Voice Cassette Recordings
Sometimes, reading letters can’t squash the feeling of homesickness felt by OFWs. To complicate matters, overseas phone calls back then were quite expensive. One solution that OFWs found effective was to record their messages through mini cassettes. They would simply talk and talk into a recorder, then send the tape along with their letters. Their families and loved ones would also send a cassette back.
Essentially, this is like the old-school version of voice chats. You might even find some retired OFWs and their families who still have their collections of voice cassette recordings.
Thanks to the internet, it’s easier and cheaper than ever these days to call your loved ones abroad and vice versa. Just buy mobile data packages or prepaid load and you’re all set. Back then, however, you had to use a landline. Phone companies like PLDT offered IDD (or international direct dialing), but the rates were much higher. For cheaper international phone calls, people had to buy special phone cards.
Before the phone cards were made available, OFWs and their families instead relied on the previously mentioned voice cassette recordings. For those who could afford the cards and had a telephone at home, the times were usually coordinated beforehand through letters. This was particularly important for OFWs in countries with a big time difference with the Philippines.
When mobile phones became more mainstream, OFWs and their relatives moved on the text messaging for more frequent conversations. The rates were still high, however, sometimes reaching up to Php 50 per text, depending on the country. This was why telcos launched OFW SIM cards. These reduced the cost per text, with common OFW destinations having more affordable rates.

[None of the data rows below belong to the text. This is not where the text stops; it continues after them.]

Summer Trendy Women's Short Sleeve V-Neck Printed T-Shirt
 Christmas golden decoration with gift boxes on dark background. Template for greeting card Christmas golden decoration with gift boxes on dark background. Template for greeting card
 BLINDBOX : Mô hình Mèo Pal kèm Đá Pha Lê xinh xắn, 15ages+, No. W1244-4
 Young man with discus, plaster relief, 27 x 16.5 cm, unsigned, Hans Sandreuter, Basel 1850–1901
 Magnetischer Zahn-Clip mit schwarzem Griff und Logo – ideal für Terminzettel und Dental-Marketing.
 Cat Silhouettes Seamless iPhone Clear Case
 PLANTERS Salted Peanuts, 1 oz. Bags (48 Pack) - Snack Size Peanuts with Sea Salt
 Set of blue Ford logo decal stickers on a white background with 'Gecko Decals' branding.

There are OFWs who work abroad with plans to migrate in the future. However, a larger percentage of these “modern-day heroes” simply want to earn more money to support their family. As such, one of the best ways that OFWs kept in touch with their relatives was through remittances. For parents, in particular, sending money is like telling their kids “I haven’t forgotten you and I’m providing for you even if I’m far away.”
Nowadays, remittances can be sent and accepted through banks or e-wallets like PayMaya. However, a few decades back, the best way to send money is through remittance centers or express couriers. No matter how the money is sent, however, kids of OFWs can certainly relate to that feeling of anticipation of receiving remittances.
Nowadays, online shopping is the best and safest way to purchase imported products. Aside from online marketplaces, there are also alternative sellers such as buy-and-sell entrepreneurs who have means to acquire hard-to-find items.
Before e-commerce boomed, however, OFWs would ask what their relatives wanted. Then, after a few shopping sessions, they would send balikbayan boxes filled with a random assortment of goods, from canned goods to toothpaste. Of course, there is also an assortment of fashion items like shoes, bags, and clothes. Usually, these balikbayan boxes would come with letters and special bilin about which item is for which relative.
Admittedly, there are still a lot of OFWs who regularly send these boxes to the Philippines. However, it’s comforting to know that you can shop online and not wait for a balikbayan box for your much-awaited imported goods.
Email and Chat
Finally, before the advent of social media networks and messaging apps, OFWs kept in touch with their relatives through email and chat. Yahoo! Messenger was one of the most popular messaging apps years ago, and it was used by more tech-savvy OFWs and their families. Email is also a favorite, especially with the capability to attach multiple photos.
It’s quite interesting to see how much communication has evolved between OFWs and their relatives over the years. One thing hasn’t changed, however: the amount of love and care that goes into every message, no matter what form it takes.